Bericht: Sascha Keutel
Digitalisierung im Gesundheitswesen bedeute für ihn „nicht eine andere Form der Dokumentation und Archivierung der Medizin, die wir immer gemacht haben“, sondern „eine bessere Medizin“, die Dinge ermöglichten, die sonst nicht möglich gewesen wären.
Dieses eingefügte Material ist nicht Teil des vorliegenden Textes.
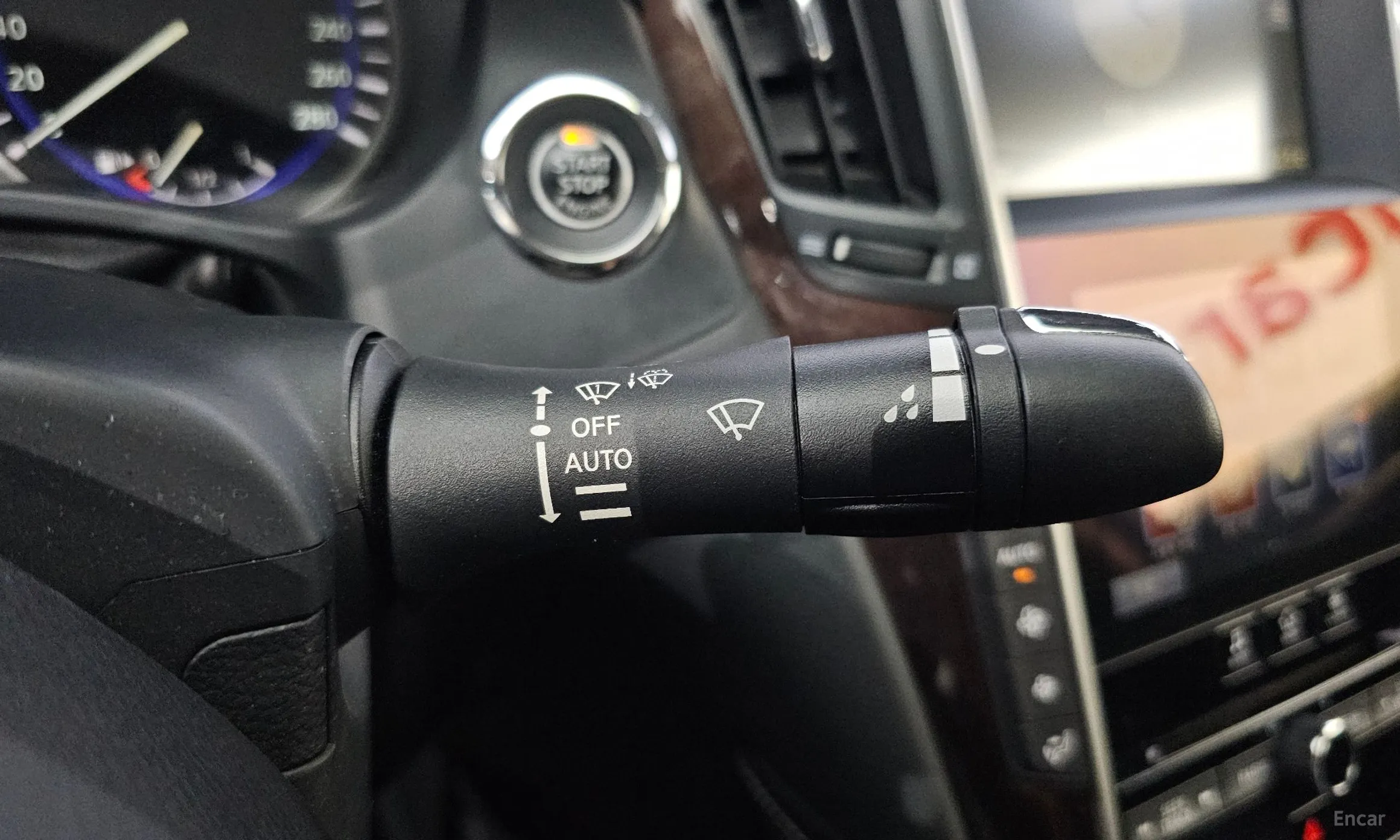 Infiniti Q50 превью 18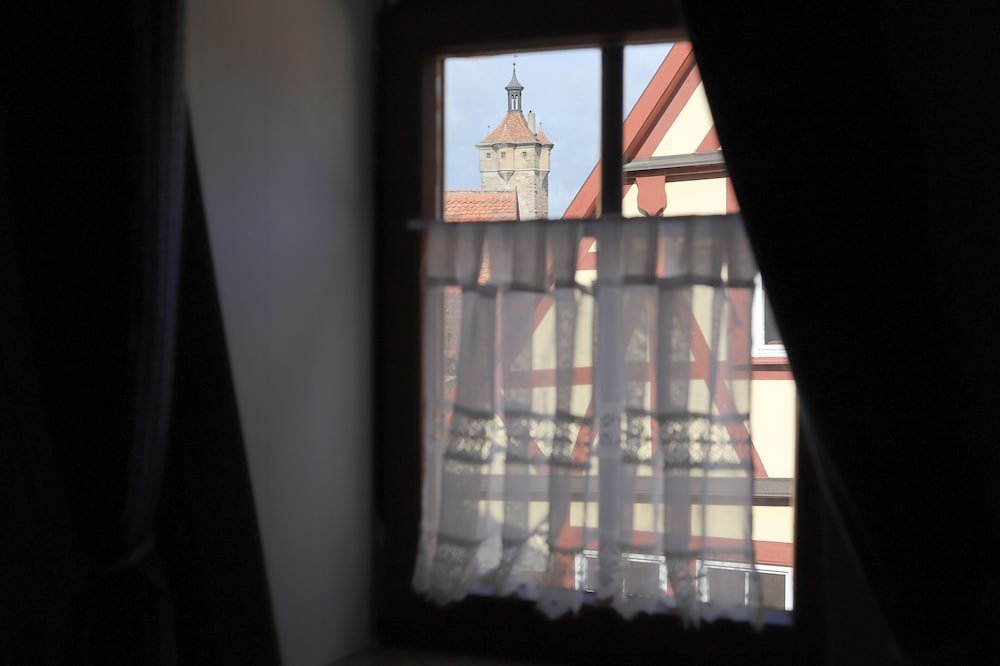 Фото Hotel Schwarzer Adler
Der Nutzen der Digitalisierung müsse täglich für Patienten und für Leistungserbringer erlebbar und spürbar sein.
Als Minister sei er nun selbst in Verantwortung für die Umsetzung neuer Maßnahmen und nähme diese gerne an. „Das deutsche Gesundheitssystem lässt sich nicht wesentlich weiterentwickeln, ohne dass wir einen strategischen Ausbau der Digitalisierung verfolgen.“
Grundsätzlich sei die Digitalisierung des Gesundheitssystems auf einem guten Wege, sagte Lauterbach, der auf viele Anwendungen und auch eine gute Infrastruktur verwies. Doch er bemängelte das fehlende planmäßige Vorgehen. „Wir haben viel Taktik, Technik und Innovation, aber es fehlt eine übergreifende Strategie“, kritisierte der Minister.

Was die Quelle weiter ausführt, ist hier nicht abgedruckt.